In a recent study published in Nature Communications, researchers discovered the long-range skin Josephson supercurrent across a van der Waals ferromagnet. The study was achieved by a research group led by Prof. XIANG Bin from Hefei National Laboratory for Physical Sciences at the Microscale, in collaboration with Associate Prof. WANG Zhi from Sun Yat-sen University (SYSU). They bridged two spin-singlet superconductors NbSe2 (S) by constructing the van der Waals ferromagnet metal Fe3GeTe2 (F), and observed long-range supercurrent in the lateral Josephson junction (S/F/S) for the first time. The long-range supercurrent exhibits astonishing skin characteristics.

Ferromagnetism and superconductivity are two antagonistic macroscopic orderings. When the singlet supercurrent enters the ferromagnet, rapid decoherence of the Cooper pairs will be triggered. However, spin-triplet supercurrents induced in the vicinity of superconductor/ferromagnet interfaces enable transport without energy dissipation over long distances in ferromagnets, which has been proved theoretically and experimentally in recent years. Therefore, it provides a more desirable method for constructing quantum devices without dissipation. Earlier research focused on the construction of superconducting Josephson junctions with coupled bulk ferromagnets, to achieve the observation of spin-triplet currents and the control of spin and charge degrees of freedom. However, there are few reports on the observation of spin-triplet supercurrents and related studies of interfacial properties based on heterojunctions of two-dimensional (2D) van der Waals (vdW) materials.

The research team constructed lateral vdW Josephson junctions of S/F/S by bridging two singlet vdW superconductors NbSe2 with vdW ferromagnet Fe3GeTe2 (F). The electrical properties of the S/F/S with different junction channel lengths have been studied by low-temperature electrical tests. The results showed a zero-resistance state of the S/F/S and also a long-range Josephson supercurrent (~ 300 nm). The zero-temperature superconducting critical current tends to decay with increasing channel length and disappears completely when the channel length increases to 450 nm.

More interestingly, the response of the long-range superconducting critical current to an external magnetic field perpendicular to the supercurrent channel presents a periodic oscillation pattern, which is similar to double-slit interference, rather than the conventional Fraunhofer periodic oscillation stripe. This result confirms the existence of a Josephson supercurrent with a long-range skin feature in S/F/S, that is distinctive from the Josephson superconducting current of conventional bulk channels.

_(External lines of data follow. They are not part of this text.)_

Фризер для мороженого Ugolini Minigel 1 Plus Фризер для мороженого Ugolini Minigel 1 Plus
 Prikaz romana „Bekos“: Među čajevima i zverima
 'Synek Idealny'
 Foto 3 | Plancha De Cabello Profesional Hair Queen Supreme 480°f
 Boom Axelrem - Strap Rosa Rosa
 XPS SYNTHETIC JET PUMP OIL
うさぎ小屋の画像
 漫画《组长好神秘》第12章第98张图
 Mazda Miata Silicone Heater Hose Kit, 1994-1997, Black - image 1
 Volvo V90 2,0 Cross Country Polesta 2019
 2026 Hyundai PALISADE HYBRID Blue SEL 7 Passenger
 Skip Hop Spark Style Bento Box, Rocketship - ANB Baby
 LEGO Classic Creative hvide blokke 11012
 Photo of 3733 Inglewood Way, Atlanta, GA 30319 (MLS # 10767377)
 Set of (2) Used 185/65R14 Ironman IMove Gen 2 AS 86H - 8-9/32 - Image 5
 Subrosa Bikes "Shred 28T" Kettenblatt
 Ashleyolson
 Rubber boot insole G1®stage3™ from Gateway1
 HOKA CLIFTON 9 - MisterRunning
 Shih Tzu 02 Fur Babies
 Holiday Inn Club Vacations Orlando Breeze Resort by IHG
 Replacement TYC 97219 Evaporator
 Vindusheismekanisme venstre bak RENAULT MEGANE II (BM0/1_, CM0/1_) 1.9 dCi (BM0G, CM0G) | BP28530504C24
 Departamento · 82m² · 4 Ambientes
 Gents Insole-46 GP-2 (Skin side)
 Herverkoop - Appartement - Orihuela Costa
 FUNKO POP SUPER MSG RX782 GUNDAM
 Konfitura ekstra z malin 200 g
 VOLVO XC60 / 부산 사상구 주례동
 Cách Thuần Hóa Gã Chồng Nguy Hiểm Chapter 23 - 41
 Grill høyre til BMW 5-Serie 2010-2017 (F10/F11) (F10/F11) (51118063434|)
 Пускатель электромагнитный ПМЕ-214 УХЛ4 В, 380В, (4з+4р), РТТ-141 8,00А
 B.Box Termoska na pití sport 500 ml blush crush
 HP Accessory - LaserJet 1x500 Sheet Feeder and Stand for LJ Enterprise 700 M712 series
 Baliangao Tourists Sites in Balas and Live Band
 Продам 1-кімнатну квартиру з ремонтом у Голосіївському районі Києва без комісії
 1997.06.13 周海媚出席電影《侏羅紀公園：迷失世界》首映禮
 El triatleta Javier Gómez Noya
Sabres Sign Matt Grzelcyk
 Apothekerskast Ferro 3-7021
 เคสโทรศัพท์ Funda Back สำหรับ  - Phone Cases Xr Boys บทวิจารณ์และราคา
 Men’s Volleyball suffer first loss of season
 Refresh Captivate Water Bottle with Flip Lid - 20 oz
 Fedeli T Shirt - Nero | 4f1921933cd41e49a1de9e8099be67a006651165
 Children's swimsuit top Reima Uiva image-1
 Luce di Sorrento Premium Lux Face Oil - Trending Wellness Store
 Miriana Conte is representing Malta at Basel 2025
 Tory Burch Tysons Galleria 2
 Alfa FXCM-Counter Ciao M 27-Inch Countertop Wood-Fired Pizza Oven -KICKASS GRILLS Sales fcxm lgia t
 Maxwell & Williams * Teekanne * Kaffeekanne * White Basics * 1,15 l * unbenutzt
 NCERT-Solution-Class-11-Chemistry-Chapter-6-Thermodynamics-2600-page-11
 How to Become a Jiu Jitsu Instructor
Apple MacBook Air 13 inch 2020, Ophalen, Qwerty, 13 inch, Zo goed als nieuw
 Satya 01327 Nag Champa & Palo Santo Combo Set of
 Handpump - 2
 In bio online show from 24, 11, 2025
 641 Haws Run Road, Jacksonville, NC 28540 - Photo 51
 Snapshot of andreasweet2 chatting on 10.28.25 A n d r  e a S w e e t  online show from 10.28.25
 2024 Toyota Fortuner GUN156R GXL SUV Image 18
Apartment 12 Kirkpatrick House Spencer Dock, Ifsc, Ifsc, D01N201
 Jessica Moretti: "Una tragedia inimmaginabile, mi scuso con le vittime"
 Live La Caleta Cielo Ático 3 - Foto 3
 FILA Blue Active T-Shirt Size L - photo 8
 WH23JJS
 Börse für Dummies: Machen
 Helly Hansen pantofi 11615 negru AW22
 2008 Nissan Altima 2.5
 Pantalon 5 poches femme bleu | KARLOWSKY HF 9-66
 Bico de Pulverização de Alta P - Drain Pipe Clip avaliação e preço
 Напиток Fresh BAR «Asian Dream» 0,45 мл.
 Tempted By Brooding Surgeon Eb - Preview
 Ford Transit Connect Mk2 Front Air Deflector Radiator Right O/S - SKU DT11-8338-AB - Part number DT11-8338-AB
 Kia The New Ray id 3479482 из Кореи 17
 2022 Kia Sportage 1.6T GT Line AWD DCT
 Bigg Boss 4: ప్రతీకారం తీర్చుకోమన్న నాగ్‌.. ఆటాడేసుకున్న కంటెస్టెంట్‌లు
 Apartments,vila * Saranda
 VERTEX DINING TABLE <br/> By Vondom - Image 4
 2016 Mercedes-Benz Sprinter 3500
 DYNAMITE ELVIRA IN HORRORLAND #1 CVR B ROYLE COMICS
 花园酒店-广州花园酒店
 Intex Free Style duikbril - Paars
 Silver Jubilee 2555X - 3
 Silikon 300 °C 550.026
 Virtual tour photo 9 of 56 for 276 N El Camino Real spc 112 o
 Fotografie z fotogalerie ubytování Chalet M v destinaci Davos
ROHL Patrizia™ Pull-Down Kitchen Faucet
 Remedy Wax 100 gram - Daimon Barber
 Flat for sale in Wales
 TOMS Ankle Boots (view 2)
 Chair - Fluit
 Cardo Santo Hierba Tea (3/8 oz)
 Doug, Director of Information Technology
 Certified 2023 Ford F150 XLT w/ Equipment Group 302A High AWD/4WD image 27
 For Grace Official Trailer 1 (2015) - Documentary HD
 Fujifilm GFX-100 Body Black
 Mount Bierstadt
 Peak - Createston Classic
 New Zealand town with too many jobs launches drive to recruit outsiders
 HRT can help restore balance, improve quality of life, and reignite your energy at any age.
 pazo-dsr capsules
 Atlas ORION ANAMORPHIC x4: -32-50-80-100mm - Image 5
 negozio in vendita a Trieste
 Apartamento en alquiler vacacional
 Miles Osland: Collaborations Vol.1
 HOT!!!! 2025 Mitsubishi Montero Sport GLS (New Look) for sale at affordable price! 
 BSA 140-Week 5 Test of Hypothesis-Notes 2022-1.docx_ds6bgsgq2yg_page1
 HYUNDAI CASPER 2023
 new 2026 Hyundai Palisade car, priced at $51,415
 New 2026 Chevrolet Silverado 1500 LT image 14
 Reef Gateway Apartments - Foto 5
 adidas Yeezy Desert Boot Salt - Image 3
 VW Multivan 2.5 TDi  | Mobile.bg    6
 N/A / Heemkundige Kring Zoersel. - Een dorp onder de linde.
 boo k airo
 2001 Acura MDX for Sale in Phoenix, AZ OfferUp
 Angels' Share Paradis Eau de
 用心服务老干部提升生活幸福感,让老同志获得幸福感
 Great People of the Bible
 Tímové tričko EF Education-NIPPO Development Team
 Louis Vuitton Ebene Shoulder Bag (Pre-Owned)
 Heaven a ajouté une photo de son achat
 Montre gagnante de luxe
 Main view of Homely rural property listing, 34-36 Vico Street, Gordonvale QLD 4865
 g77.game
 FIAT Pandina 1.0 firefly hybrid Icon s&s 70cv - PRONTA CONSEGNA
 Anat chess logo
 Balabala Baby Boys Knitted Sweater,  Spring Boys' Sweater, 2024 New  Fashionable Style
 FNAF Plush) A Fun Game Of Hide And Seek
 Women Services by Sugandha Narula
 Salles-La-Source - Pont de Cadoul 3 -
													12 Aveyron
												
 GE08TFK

Then the research team proposed two possible mechanisms for the skin feature of the long-range supercurrent. First, the Rashba spin-orbit coupling induced by the mirror symmetry breaking on the Fe3GeTe2 surface, when interacting with ferromagnetism and the s-wave superconductivity of NbSe2, may lead to 2D topological superconductivity on the Fe3GeTe2 surface. Second, the magnetic inhomogeneity caused by the non-coplanar structure of Fe atoms in Fe3GeTe2 promotes the transformation of spin-singlet Cooper pairs into spin-triplet pairs at the surface through spin-rotation and spin-mixing, and then forms a long-range Josephson supercurrent.

The S/F/S design of the noncoplanar structure provides a new perspective to explore the interaction between ferromagnetism and superconductivity. The novel physical properties presented by this noncoplanar structure provide a platform for potential applications of new quantum functional devices in 2D superconducting spintronics and the realization of topological superconductivity.